DEV Community

Cover image for Relax and let the data flow: A Zero-ETL Pipeline
Elizabeth Fuentes L for AWS

Posted on • Originally published at community.aws

Relax and let the data flow: A Zero-ETL Pipeline

Real-time Data Visualization with OpenSearch and Amazon DynamoDB: A Zero-ETL Pipeline

🇻🇪🇨🇱 Dev.to Linkedin GitHub Twitter Instagram Youtube
Linktr

Amazon OpenSearch Service and Amazon DynamoDB provide a powerful combination for real-time data visualization without the need for complex Extract, Transform, Load (ETL) processes. This repositorie introduces an AWS Cloud Development Kit (CDK) stack that deploys a serverless architecture for efficient, real-time data ingestion using the OpenSearch Ingestion service (OSIS).

By leveraging OSIS, you can process and transform data from DynamoDB streams directly into OpenSearch, enabling near-instant visualization and analysis. This zero-ETL pipeline eliminates the overhead of traditional data transformation workflows, allowing you to focus on deriving insights from your data.

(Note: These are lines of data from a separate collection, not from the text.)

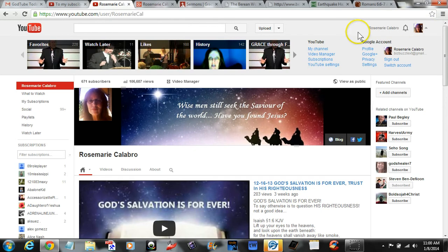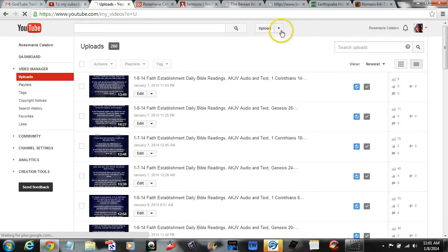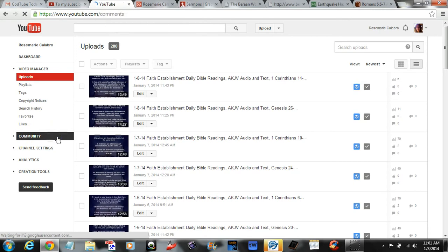Click up here where your name is, your picture is, and go down to your Video Manager tab or link. And over here on the left, come down to where you see Community — I have it highlighted here.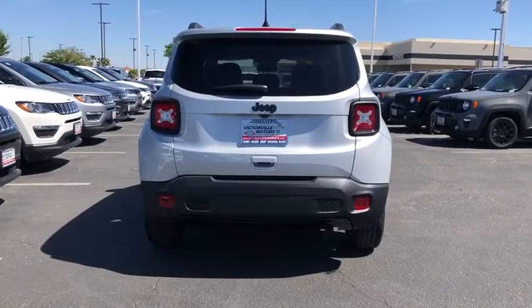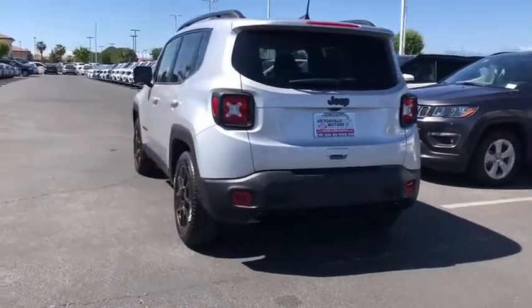This vehicle has less than 100 miles. Here are some of this vehicle's great options.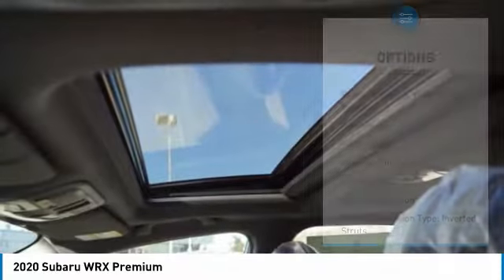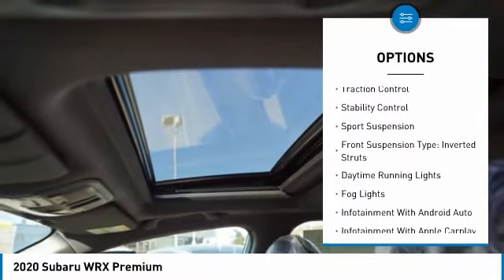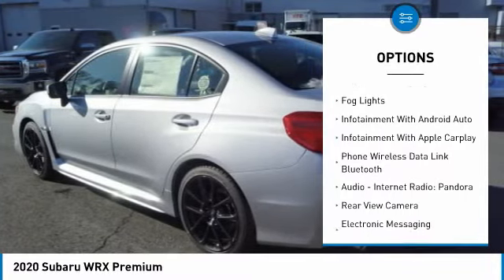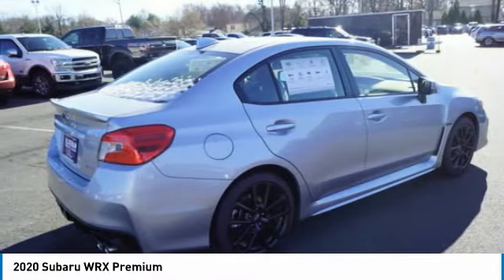Here are some of this vehicle's great options: power windows with safety reverse, hood scoop, front spoiler, traction control, stability control, sports suspension, front suspension type inverted struts, daytime running lights, fog lights.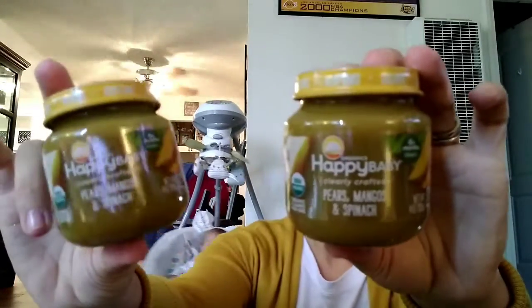Then I saw these ones. These are the stage two, six months and up, pears, mangoes, and spinach. I've never tried this brand before. The ingredients are organic pear, organic mango, and water. I hope these are good for him. I also got two of just the pears, and two of the apples and spinach.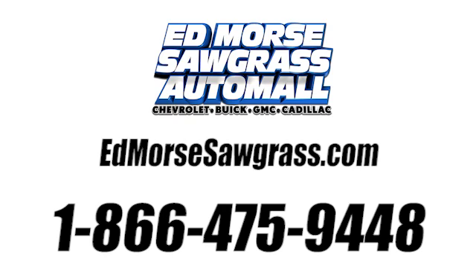Call us today at 1-866-475-9448. For value and for service, it's Edmars.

The CDK stack provisions key components such as Amazon Cognito for authentication, IAM roles for secure access, an OpenSearch domain for indexing and visualization, an S3 bucket for data backups, and a DynamoDB table as the data source. OpenSearch Ingestion acts as the central component, efficiently processing data based on a declarative YAML configuration.

Prerequisites

💰 Cost to complete:

How Does This Application Work?

Authentication

The flow starts with data stored in Amazon DynamoDB, a managed and scalable NoSQL database. Then, the data is transmitted to Amazon S3.

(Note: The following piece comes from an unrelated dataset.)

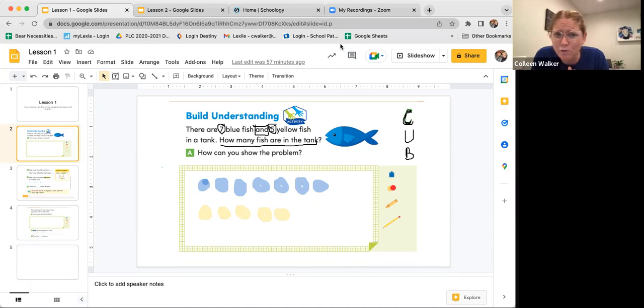So now we know there are seven blue fish and five yellow fish, and we need to figure out how many are all together. I'm going to get a different color, and we're going to count. Can you count with me? One, two, three, four, five, six, seven, eight, nine, ten, eleven, twelve. How many fish are there all together? Twelve. That's right. There are twelve fish all together.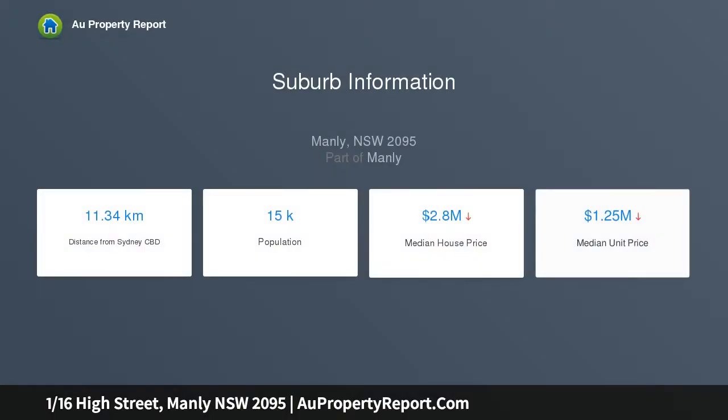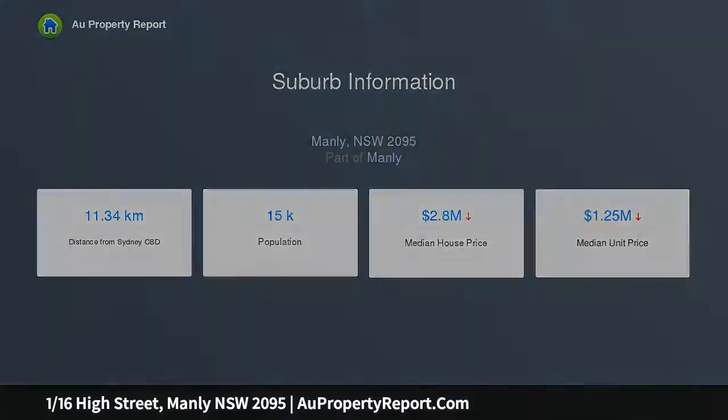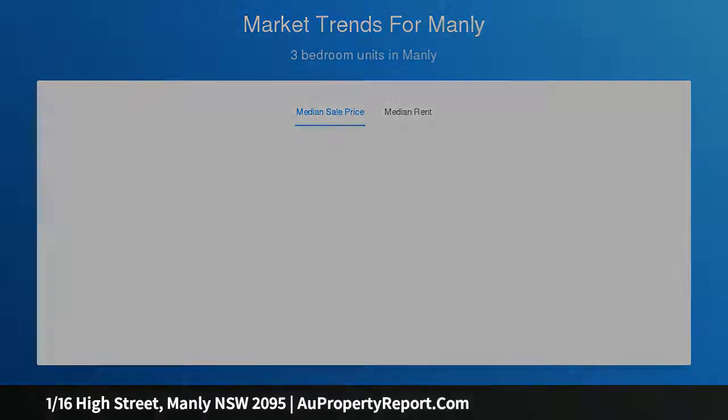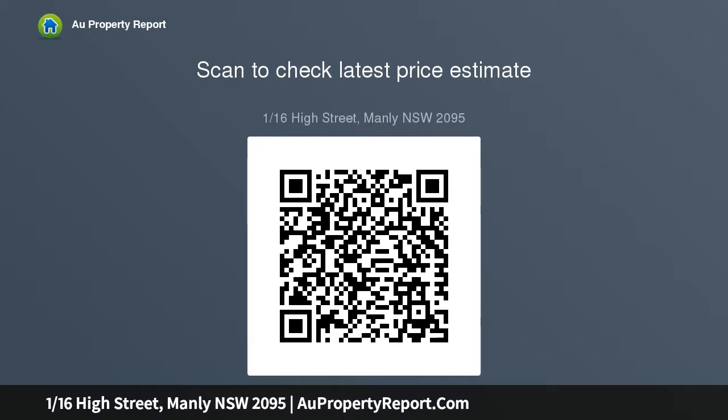Split over two levels and offering completely private living and entertaining areas, the space and feel of this unique residence is similar to that of a house, with exclusive heritage beaches, harbour views and multiple living areas. Its character-rich home will appeal to families and empty nesters who want to live in an incredible lifestyle location, just moments from Manly Town.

From the data in S3, it is indexed using Amazon OpenSearch, a service that enables real-time search and analysis on large volumes of data. OpenSearch indexes the data and makes it easily accessible for fast queries.

The next component is Amazon Cognito, a service that enables user identity and access management. Cognito authenticates and authorizes users to access the OpenSearch Dashboard.

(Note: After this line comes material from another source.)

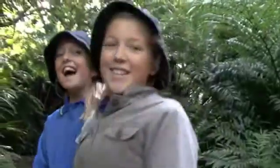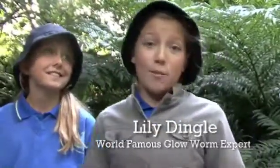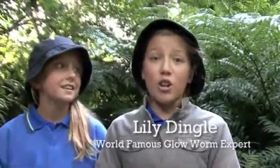Hi Caitlin! Hi Lily! I will help you with your mission — I do know a lot about glowworms. Come with me and I'll help you guys find some. Let's go!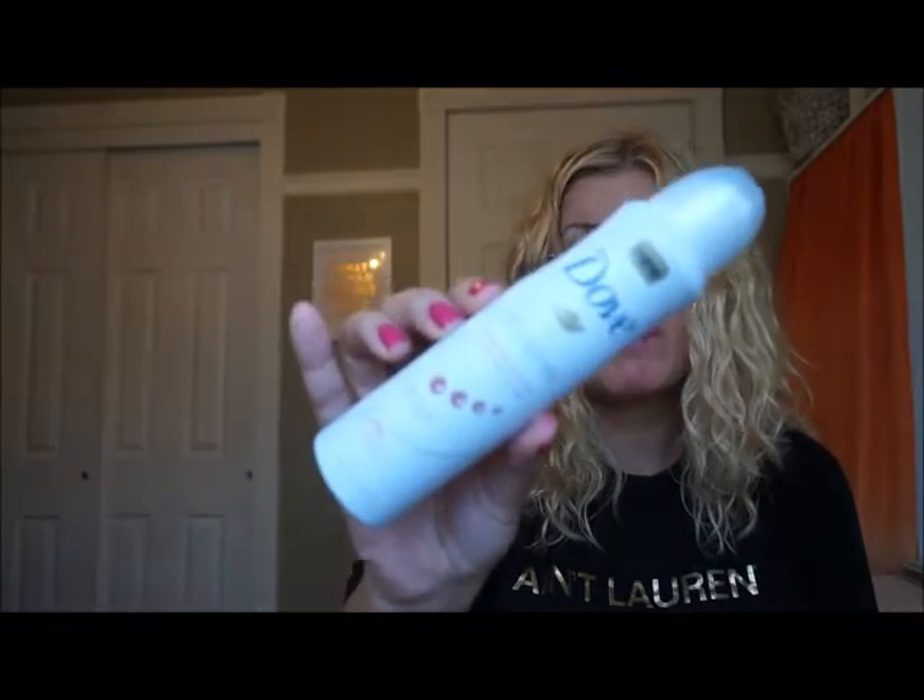Another product I'm loving — also recommended by the Allure editors — is the Dove dry spray. I think it's new to the US, and this spray is so good. It's actually replaced my deodorant. I just spray a little under my arms and wherever I get a little sweaty, and it keeps it dry. It's really wonderful. They all come in different fragrances — this is Clear Tone, I believe it's called, and it has a very, very light fragrance, nothing overpowering. I've been really liking this.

AWS Identity and Access Management Roles is used to define roles and access permissions.

To create an OpenSearch Ingestion pipeline, you need an IAM role that the pipeline will assume to write data to the sink (an OpenSearch Service domain or OpenSearch Serverless collection). The role's ARN must be included in the pipeline configuration. The sink, which can be an OpenSearch Service domain (running OpenSearch 1.0+ or Elasticsearch 7.4+) or an OpenSearch Serverless collection, must have an access policy granting the necessary permissions to the IAM pipeline role. (Granting Amazon OpenSearch Ingestion pipelines access to domains - Granting Amazon OpenSearch Ingestion pipelines access to collections).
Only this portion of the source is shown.